» Entries supplied:
—————

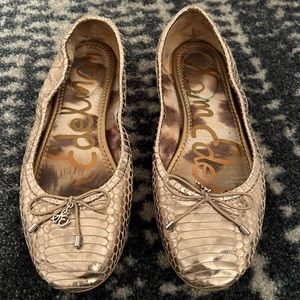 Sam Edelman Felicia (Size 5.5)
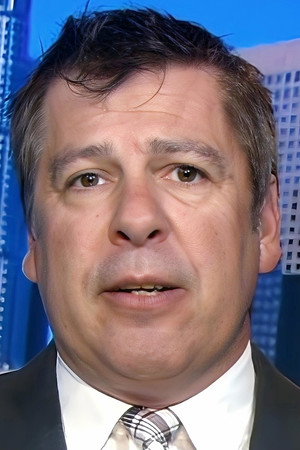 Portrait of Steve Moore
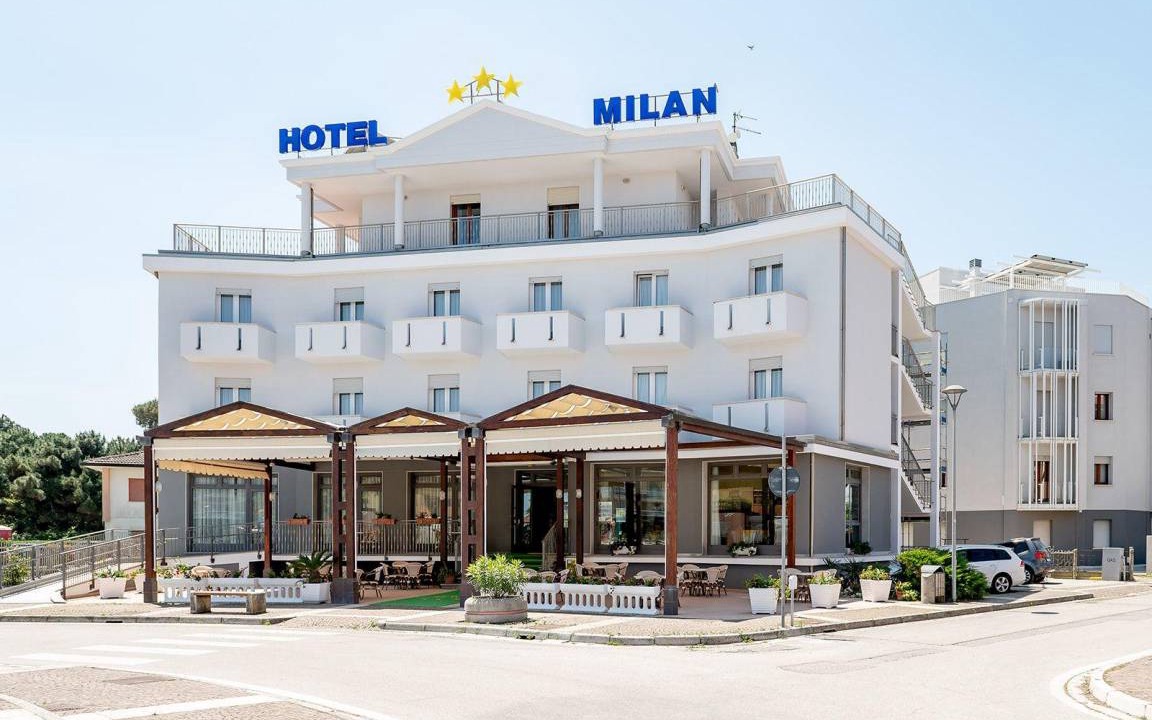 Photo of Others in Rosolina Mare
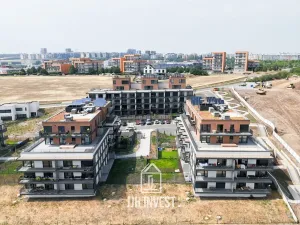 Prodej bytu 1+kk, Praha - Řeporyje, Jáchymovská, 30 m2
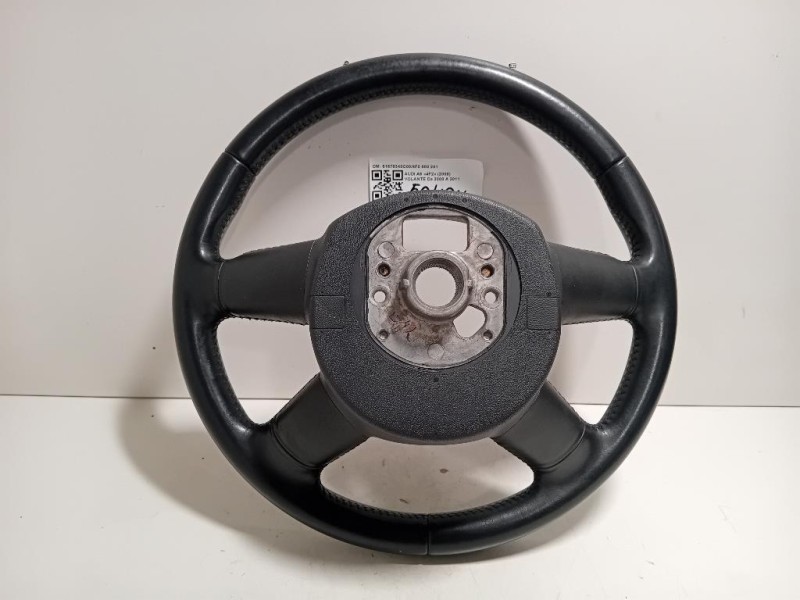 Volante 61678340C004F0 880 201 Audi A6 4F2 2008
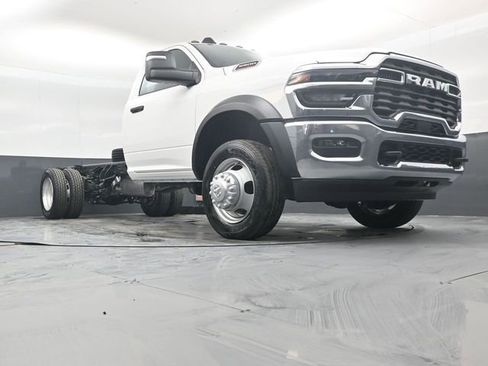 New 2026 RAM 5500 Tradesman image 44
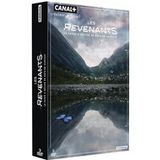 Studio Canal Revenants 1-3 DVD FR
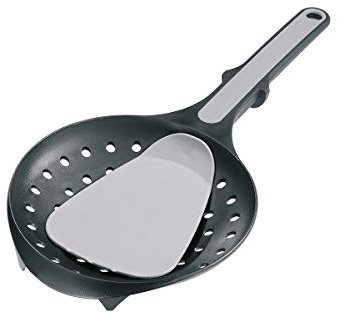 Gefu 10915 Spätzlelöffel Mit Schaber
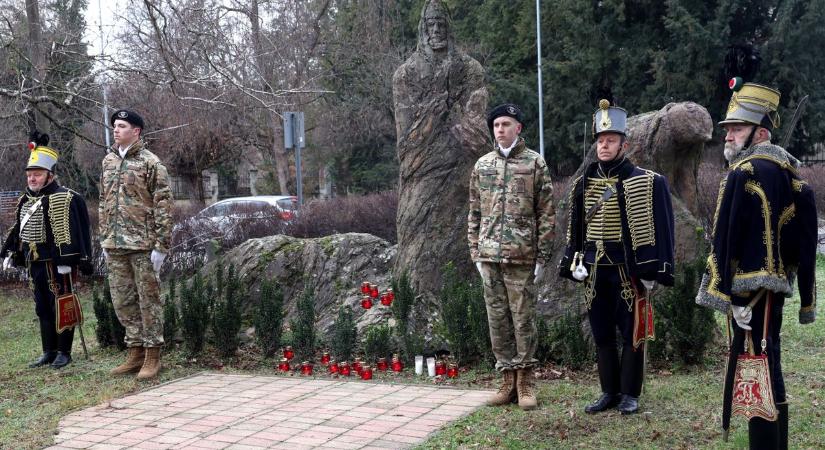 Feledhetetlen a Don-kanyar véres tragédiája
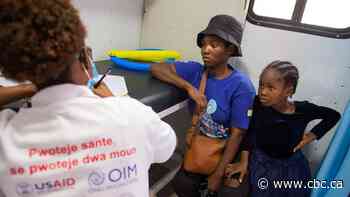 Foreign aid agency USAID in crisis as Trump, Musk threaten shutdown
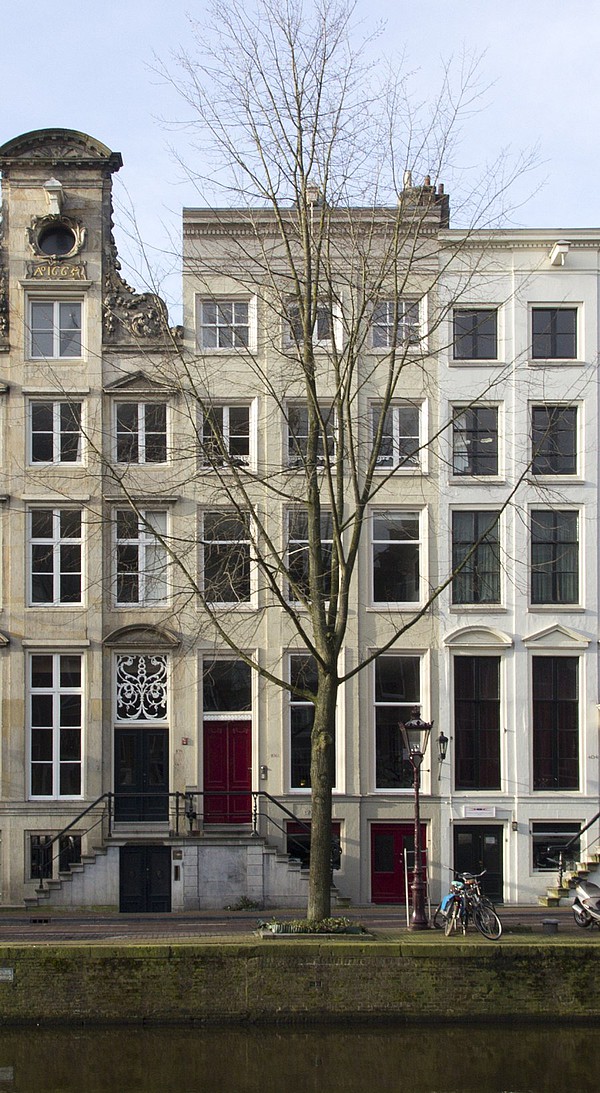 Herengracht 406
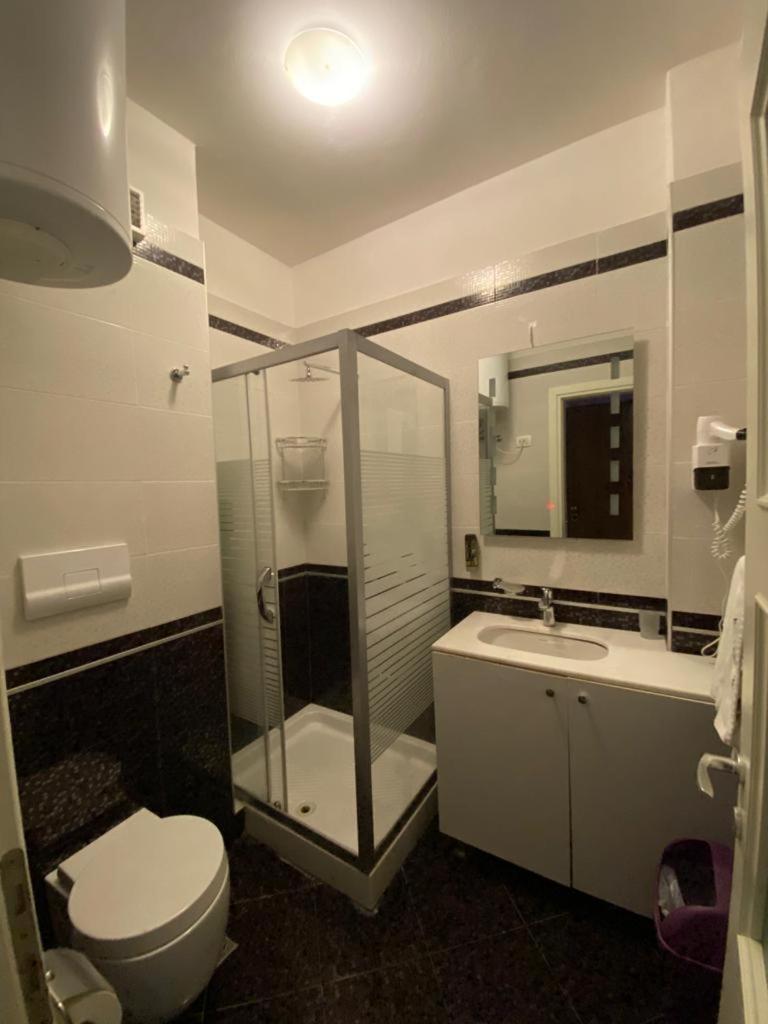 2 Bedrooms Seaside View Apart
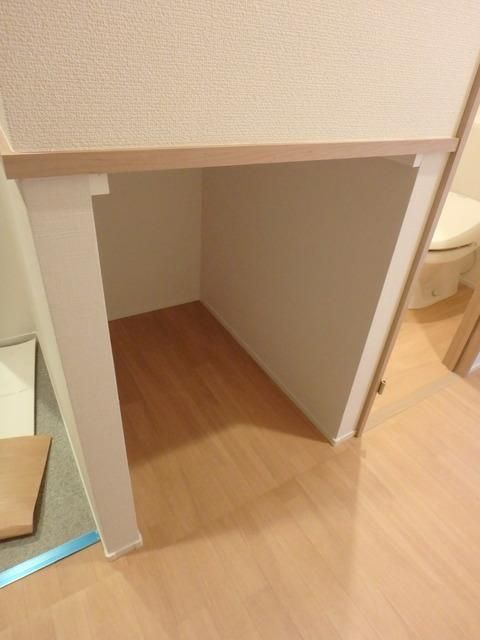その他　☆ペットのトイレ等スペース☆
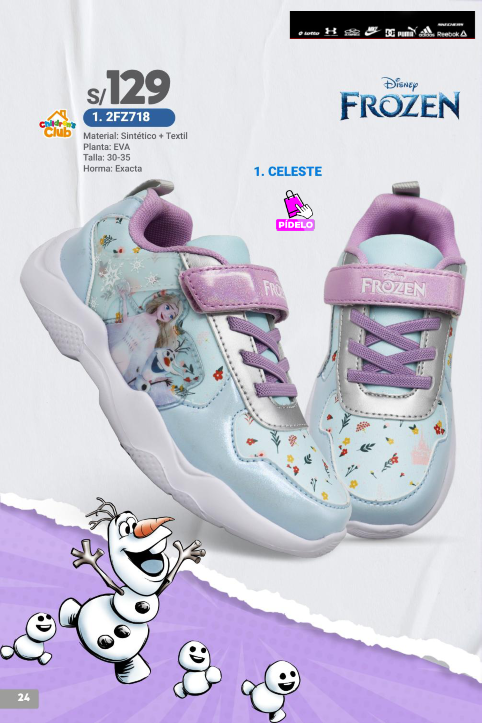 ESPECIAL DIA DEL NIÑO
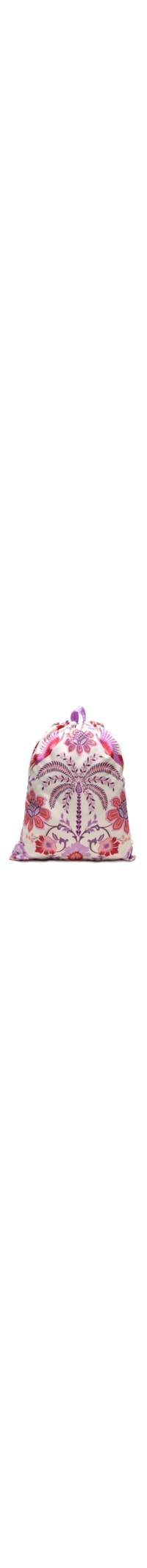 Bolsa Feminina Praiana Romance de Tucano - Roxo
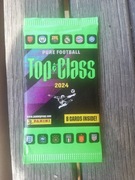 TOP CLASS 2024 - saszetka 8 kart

—————

» What the task asks:
Only lines from the one holding "Gefu 10915 Spätzlelöffel Mit Schaber" through the last line of the entries above are wanted, both ends included, each retyped exactly; no pictures.

» Expected answer:
 Gefu 10915 Spätzlelöffel Mit Schaber
 Feledhetetlen a Don-kanyar véres tragédiája
 Foreign aid agency USAID in crisis as Trump, Musk threaten shutdown
 Herengracht 406
 2 Bedrooms Seaside View Apart
その他　☆ペットのトイレ等スペース☆
 ESPECIAL DIA DEL NIÑO
 Bolsa Feminina Praiana Romance de Tucano - Roxo
 TOP CLASS 2024 - saszetka 8 kart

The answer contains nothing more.